Motsinger Alison A, Brassat David, Caillier Stacy J, Erlich Henry A, Walker Karen, Steiner Lori L, Barcellos Lisa F, Pericak-Vance Margaret A, Schmidt Silke, Gregory Simon, Hauser Stephen L, Haines Jonathan L, Oksenberg Jorge R, Ritchie Marylyn D
Center for Human Genetics Research, Department of Molecular Physiology and Biophysics, 519 Light Hall, Vanderbilt University Medical School, Nashville, TN 37232-0700, USA.
Neurogenetics. 2007 Jan;8(1):11-20. doi: 10.1007/s10048-006-0058-9. Epub 2006 Sep 22.
The complex inheritance involved in multiple sclerosis (MS) risk has been extensively investigated, but our understanding of MS genetics remains rudimentary. In this study, we explore 51 single nucleotide polymorphisms (SNPs) in 36 candidate genes from the inflammatory pathway and test for gene-gene interactions using complementary case-control, discordant sibling pair, and trio family study designs. We used a sample of 421 carefully diagnosed MS cases and 96 unrelated, healthy controls; discordant sibling pairs from 146 multiplex families; and 275 trio families. We used multifactor dimensionality reduction to explore gene-gene interactions. Based on our analyses, we have identified several statistically significant models including both main effect models and two-locus, three-locus, and four-locus epistasis models that predict MS disease risk with between approximately 61% and 85% accuracy. These results suggest that significant epistasis, or gene-gene interactions, may exist even in the absence of statistically significant individual main effects.
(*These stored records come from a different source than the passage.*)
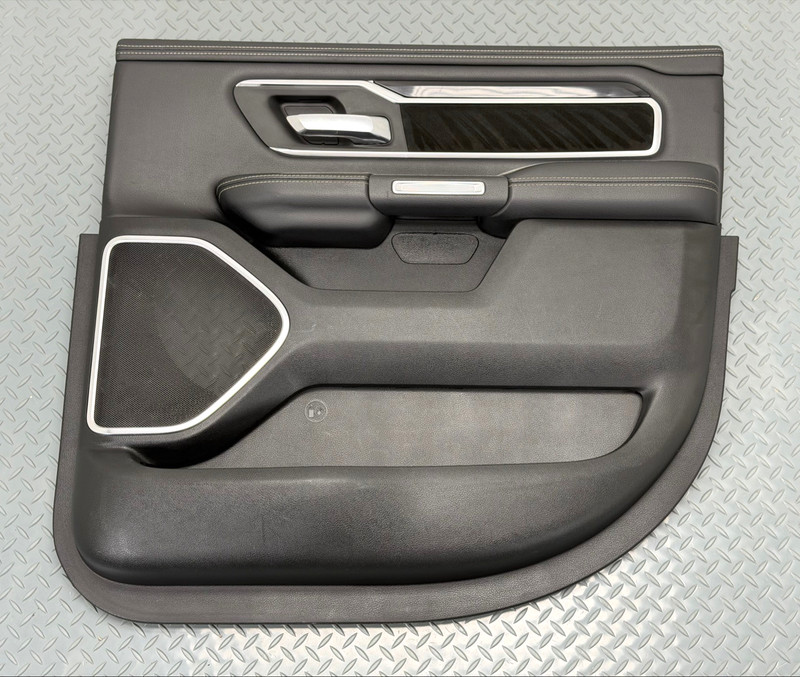 ✅ 2019-2026 RAM 1500 Crew Cab Laramie OEM REAR RIGHT DOOR TRIM PANEL Black PASS.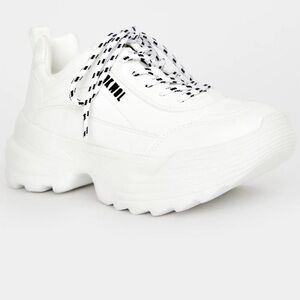 STYLING
These BBz are in U.S. sizing; peep the size chart for ur perfect fit!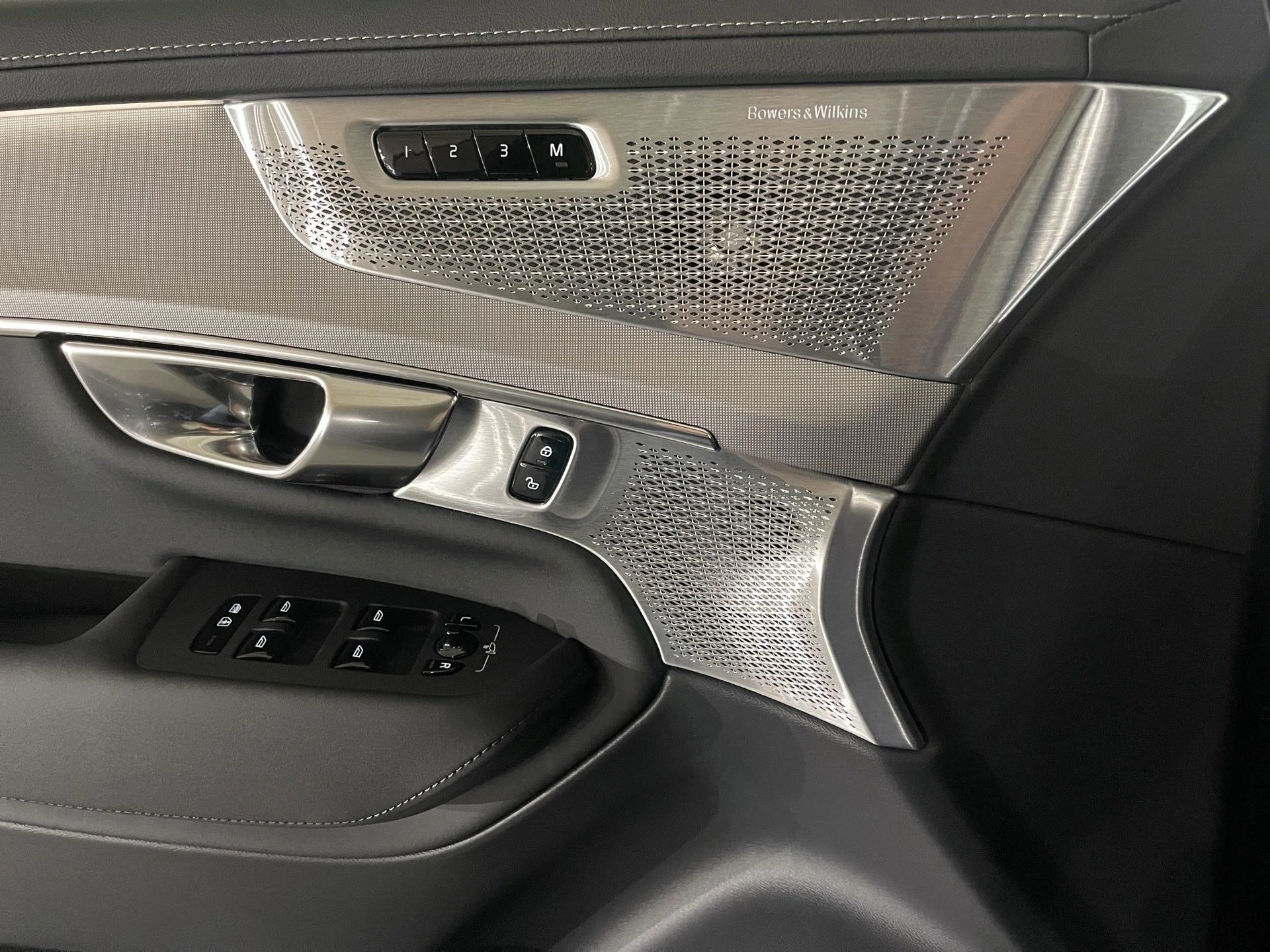Volvo-XC90-image-16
多发性硬化症(MS)风险所涉及的复杂遗传机制已得到广泛研究,但我们对MS遗传学的理解仍处于初级阶段。在本研究中,我们探究了来自炎症途径的36个候选基因中的51个单核苷酸多态性(SNP),并使用互补病例对照、不一致同胞对和三联体家系研究设计来检测基因-基因相互作用。我们使用了一个样本,其中包括421例经过仔细诊断的MS病例和96名无亲缘关系的健康对照;来自146个多病例家系的不一致同胞对;以及275个三联体家系。我们使用多因素降维法来探究基因-基因相互作用。基于我们的分析,我们确定了几个具有统计学意义的模型,包括主效应模型以及两位点、三位点和四位点上位性模型,这些模型预测MS疾病风险的准确率约在61%至85%之间。这些结果表明,即使在没有统计学显著的个体主效应的情况下,也可能存在显著的上位性,即基因-基因相互作用。